Three companies, Summit Carbon Solutions, Navigator CO2 Ventures and Archer Daniel Midlands, partnering with Wolf Carbon Solutions, have proposed building 3218-km of pipelines in Iowa to transport carbon dioxide from ethanol and fertilized facilities.  

The proposal has Iowa on edge with some questioning the need for such a facility that would invariably tear up valuable farmland and others championing the benefit of a pipeline that would liquify the carbon dioxide, transport it and ultimately inject it deep underground where it would be permanently sequestered.

Not surprisingly the issue has become politicized during the current campaign for the US Presidency in 2024 and now the state of Iowa will begin hearings on the matter.  The hearings, which could last weeks, is a major test for the $5.5 billion pipeline proposed by Summit Carbon Solutions, and for Carbon Capture Storage (CCS), which the administration of U.S. President Joe Biden sees as a critical tool in fighting climate change.

The Iowa Utilities Board (IUB), which will decide whether to grant Summit's permit application, heard on Tuesday from landowners who have not signed agreements with Summit and could be forced under eminent domain law to hand over land if the project moves ahead.

The proposed pipeline routes could span six states, from the Dakotas down to Illinois.
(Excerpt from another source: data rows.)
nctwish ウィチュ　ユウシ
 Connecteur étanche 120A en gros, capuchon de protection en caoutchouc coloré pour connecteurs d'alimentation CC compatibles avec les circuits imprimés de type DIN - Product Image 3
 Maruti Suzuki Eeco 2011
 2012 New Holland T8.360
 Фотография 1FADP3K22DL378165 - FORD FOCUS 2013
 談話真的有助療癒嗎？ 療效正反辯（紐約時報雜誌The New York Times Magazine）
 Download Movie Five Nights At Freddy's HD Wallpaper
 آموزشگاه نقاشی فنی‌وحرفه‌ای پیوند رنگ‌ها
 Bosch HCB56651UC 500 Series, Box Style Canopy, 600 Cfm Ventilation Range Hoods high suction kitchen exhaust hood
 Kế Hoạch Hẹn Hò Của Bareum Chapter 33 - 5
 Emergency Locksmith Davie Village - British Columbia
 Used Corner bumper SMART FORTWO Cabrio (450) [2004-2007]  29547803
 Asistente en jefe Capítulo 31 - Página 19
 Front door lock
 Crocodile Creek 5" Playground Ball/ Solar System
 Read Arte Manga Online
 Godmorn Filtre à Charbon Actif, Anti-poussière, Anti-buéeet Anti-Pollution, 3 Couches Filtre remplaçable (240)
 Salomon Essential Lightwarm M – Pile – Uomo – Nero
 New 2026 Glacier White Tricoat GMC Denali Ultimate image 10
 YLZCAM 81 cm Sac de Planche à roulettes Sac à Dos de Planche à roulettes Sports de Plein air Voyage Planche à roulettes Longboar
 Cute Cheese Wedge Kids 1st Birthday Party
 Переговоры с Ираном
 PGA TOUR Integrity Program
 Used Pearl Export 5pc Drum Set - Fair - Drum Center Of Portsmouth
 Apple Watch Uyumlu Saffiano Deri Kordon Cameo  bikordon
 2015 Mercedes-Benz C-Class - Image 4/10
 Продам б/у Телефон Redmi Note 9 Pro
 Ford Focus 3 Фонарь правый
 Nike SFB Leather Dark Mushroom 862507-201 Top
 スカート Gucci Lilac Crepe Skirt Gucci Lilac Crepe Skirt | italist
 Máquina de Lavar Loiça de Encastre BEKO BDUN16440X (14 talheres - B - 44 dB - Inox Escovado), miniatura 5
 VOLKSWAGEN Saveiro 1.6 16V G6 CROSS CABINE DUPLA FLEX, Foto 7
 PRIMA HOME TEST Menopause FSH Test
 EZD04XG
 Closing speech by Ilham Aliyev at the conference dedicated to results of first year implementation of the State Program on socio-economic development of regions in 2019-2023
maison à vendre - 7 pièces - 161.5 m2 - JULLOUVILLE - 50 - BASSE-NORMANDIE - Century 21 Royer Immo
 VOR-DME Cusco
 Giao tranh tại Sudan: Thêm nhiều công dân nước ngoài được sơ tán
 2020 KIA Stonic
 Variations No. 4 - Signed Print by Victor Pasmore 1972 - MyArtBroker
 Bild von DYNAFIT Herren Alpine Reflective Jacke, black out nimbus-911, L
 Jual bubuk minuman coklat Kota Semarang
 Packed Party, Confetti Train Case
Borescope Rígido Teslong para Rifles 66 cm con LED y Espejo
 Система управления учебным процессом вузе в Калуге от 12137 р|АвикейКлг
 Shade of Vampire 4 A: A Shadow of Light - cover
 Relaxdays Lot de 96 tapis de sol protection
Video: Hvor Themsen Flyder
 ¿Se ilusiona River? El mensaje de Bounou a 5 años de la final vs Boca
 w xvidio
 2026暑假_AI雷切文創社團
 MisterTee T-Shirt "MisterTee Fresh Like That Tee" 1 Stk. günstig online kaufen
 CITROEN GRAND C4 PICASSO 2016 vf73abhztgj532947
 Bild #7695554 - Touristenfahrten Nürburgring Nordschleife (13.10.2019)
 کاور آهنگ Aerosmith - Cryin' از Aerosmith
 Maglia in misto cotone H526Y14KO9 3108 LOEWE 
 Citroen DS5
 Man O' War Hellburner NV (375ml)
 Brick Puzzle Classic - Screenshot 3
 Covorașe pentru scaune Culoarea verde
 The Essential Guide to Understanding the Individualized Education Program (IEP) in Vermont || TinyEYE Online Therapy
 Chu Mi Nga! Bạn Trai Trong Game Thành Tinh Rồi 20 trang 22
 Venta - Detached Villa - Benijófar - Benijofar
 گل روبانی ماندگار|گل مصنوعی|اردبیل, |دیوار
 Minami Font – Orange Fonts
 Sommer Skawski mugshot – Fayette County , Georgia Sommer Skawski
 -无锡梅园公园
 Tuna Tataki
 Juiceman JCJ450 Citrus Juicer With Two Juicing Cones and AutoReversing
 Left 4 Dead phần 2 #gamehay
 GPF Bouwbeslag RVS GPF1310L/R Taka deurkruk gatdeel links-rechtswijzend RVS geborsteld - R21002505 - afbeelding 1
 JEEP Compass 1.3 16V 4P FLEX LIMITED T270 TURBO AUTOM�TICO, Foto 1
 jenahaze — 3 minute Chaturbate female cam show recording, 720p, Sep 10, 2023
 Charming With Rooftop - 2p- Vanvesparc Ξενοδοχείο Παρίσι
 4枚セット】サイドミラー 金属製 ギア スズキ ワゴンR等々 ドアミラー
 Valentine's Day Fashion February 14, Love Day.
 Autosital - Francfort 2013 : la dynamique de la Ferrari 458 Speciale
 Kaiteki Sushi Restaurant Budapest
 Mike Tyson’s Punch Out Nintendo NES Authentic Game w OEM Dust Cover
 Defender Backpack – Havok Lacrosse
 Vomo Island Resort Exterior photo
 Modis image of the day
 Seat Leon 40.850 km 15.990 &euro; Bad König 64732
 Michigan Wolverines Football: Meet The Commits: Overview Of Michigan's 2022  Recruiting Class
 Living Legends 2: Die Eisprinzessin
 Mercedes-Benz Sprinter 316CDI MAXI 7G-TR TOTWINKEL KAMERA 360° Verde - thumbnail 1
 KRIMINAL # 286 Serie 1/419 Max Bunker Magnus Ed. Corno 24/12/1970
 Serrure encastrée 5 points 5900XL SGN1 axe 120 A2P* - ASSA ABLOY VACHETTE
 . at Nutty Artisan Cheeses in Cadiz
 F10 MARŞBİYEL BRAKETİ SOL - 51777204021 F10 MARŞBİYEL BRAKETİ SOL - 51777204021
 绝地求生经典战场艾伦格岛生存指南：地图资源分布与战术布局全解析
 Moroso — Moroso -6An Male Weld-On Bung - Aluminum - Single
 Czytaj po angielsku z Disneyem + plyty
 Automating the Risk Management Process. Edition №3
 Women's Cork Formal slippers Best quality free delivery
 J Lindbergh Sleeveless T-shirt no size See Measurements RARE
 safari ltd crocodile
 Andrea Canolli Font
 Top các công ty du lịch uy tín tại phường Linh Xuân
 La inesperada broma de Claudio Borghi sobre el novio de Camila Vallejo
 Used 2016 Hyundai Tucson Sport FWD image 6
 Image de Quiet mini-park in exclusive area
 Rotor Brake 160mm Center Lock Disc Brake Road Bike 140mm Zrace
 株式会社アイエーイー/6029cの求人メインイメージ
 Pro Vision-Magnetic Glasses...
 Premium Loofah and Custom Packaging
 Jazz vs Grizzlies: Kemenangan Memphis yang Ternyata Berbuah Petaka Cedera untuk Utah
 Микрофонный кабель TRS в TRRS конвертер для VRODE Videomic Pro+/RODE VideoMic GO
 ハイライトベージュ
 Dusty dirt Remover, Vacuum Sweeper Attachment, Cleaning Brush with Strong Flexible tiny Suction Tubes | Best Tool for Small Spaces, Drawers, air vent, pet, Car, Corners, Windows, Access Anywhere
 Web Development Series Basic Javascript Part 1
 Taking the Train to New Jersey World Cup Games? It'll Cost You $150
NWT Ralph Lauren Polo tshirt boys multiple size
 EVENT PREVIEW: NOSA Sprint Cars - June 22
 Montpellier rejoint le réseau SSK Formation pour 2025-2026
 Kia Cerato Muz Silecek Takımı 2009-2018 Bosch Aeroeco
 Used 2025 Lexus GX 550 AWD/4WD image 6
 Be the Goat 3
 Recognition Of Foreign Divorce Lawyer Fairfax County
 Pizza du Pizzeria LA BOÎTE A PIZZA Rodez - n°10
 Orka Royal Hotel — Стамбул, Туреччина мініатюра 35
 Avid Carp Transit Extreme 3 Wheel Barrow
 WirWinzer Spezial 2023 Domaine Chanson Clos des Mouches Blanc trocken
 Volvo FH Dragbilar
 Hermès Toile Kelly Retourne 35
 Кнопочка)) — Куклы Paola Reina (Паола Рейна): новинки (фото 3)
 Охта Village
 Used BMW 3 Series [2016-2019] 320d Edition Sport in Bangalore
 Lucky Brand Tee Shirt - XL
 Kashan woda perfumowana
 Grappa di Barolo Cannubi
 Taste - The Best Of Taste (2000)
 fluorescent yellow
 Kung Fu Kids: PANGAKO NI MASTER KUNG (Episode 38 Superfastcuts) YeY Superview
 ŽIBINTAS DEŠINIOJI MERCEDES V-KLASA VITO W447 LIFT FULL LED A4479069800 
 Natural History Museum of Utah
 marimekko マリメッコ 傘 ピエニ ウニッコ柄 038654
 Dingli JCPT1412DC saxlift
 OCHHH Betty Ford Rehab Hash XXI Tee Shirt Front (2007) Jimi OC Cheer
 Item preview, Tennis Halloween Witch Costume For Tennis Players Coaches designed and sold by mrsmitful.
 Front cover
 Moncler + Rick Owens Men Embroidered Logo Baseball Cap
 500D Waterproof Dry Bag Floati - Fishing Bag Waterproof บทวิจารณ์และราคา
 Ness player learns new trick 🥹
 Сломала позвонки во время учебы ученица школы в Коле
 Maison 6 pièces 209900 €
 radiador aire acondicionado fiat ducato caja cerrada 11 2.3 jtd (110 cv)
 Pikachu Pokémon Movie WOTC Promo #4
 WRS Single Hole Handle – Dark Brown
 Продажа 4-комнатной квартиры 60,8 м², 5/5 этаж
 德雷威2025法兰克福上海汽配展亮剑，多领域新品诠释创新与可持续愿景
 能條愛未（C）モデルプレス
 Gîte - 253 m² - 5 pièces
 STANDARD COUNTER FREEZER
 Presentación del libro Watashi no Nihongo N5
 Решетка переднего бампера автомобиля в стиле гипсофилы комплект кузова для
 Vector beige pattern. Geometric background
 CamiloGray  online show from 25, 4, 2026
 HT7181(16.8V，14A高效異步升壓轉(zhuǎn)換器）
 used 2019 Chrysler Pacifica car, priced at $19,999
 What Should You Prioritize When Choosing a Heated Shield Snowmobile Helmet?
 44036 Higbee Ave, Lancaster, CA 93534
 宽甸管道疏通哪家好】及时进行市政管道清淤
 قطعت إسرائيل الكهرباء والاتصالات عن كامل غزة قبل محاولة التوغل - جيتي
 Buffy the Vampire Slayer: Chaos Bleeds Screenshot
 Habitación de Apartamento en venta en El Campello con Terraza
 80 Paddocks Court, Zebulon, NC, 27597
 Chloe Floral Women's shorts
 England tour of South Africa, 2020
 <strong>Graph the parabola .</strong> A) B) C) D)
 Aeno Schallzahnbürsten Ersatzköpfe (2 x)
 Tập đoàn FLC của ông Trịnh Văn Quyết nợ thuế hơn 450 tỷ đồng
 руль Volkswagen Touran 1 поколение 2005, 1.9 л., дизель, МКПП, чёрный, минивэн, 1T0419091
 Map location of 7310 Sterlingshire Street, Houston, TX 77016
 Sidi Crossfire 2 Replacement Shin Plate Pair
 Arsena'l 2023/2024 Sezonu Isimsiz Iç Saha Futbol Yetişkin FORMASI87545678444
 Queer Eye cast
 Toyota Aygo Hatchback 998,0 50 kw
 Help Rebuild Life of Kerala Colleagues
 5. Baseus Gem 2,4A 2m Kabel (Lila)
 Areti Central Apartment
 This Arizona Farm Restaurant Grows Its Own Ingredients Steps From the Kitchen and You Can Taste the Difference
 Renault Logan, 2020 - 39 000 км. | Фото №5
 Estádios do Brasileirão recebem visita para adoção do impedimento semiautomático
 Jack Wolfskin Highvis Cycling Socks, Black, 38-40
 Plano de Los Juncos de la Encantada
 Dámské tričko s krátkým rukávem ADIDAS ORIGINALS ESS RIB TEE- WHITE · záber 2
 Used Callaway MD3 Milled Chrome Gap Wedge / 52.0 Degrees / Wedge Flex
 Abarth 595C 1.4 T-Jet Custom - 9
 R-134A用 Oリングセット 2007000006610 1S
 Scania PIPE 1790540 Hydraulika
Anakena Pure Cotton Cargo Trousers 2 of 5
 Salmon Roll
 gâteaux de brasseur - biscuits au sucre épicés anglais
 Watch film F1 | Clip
One of the pipeline companies boasts more than 2,500 landowners have signed on to its project. Many farmers in Iowa say they support ethanol, but they oppose carbon pipelines - not over carbon emissions, but over property rights. Northeast Iowa farmer Jeff Reints hauls practically all of his corn to an ethanol plant you can see from his farm. Reints was skeptical when he first heard of the pipelines. Then he learned that the nearby ethanol plant had signed onto one of the projects, and a pipeline would run through part of his farm.

Along with landowners and Summit, the IUB will hear from ethanol companies, counties, the Sierra Club, the Iowa Farm Bureau, and other parties during the hearing in Fort Dodge.

Summit recently faced a setback in North Dakota, when regulators on August 4 denied its permit application, saying the company had failed to prove that the pipeline would not hurt the state's citizens and environment. The company submitted a new application last Friday.